▸ **Problem description**
Begin at the first line of the records below and, please, give each line again exactly until the line with "bedroom featuring ornamental" is included.
(Exercise materials)
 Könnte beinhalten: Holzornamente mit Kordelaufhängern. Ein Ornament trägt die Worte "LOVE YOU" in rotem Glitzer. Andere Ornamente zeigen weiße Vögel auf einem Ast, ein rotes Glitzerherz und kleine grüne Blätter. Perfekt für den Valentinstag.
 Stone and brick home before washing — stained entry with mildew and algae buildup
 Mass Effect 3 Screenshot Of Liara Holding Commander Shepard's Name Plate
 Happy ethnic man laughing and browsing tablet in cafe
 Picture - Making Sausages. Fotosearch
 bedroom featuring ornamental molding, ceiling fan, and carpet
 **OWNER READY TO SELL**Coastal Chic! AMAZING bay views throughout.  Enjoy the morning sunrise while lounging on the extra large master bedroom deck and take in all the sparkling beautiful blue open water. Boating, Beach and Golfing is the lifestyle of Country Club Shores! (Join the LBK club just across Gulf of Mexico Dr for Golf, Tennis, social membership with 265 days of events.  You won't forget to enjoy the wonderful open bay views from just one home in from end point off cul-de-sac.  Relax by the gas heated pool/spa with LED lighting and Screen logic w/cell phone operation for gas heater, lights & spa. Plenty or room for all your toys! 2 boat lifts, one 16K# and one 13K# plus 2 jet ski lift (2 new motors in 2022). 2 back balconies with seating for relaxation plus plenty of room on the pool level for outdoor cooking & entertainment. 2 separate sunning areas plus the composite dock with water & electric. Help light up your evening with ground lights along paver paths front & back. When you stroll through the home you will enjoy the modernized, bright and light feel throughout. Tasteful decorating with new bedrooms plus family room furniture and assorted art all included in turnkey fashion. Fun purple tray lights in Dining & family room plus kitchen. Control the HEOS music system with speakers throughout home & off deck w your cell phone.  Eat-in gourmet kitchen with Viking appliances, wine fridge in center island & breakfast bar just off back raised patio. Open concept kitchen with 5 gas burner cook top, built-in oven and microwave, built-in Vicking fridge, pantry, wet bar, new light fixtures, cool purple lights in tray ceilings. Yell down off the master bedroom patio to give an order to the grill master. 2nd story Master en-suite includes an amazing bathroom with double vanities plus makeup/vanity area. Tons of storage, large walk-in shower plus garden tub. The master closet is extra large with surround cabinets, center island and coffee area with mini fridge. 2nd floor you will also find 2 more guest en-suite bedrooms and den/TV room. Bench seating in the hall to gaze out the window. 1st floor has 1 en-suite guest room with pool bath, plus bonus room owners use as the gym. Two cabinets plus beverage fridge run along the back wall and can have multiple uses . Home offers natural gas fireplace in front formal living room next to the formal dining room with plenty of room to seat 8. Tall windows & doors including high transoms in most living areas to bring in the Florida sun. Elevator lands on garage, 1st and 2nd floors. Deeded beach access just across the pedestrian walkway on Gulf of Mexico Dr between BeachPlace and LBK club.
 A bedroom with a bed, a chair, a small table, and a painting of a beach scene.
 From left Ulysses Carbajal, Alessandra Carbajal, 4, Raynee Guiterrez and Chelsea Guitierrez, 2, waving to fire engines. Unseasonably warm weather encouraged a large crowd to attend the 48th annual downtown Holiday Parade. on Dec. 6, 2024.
(End Exercise materials)
▸ **Task solution**
 Könnte beinhalten: Holzornamente mit Kordelaufhängern. Ein Ornament trägt die Worte "LOVE YOU" in rotem Glitzer. Andere Ornamente zeigen weiße Vögel auf einem Ast, ein rotes Glitzerherz und kleine grüne Blätter. Perfekt für den Valentinstag.
 Stone and brick home before washing — stained entry with mildew and algae buildup
 Mass Effect 3 Screenshot Of Liara Holding Commander Shepard's Name Plate
 Happy ethnic man laughing and browsing tablet in cafe
 Picture - Making Sausages. Fotosearch
 bedroom featuring ornamental molding, ceiling fan, and carpet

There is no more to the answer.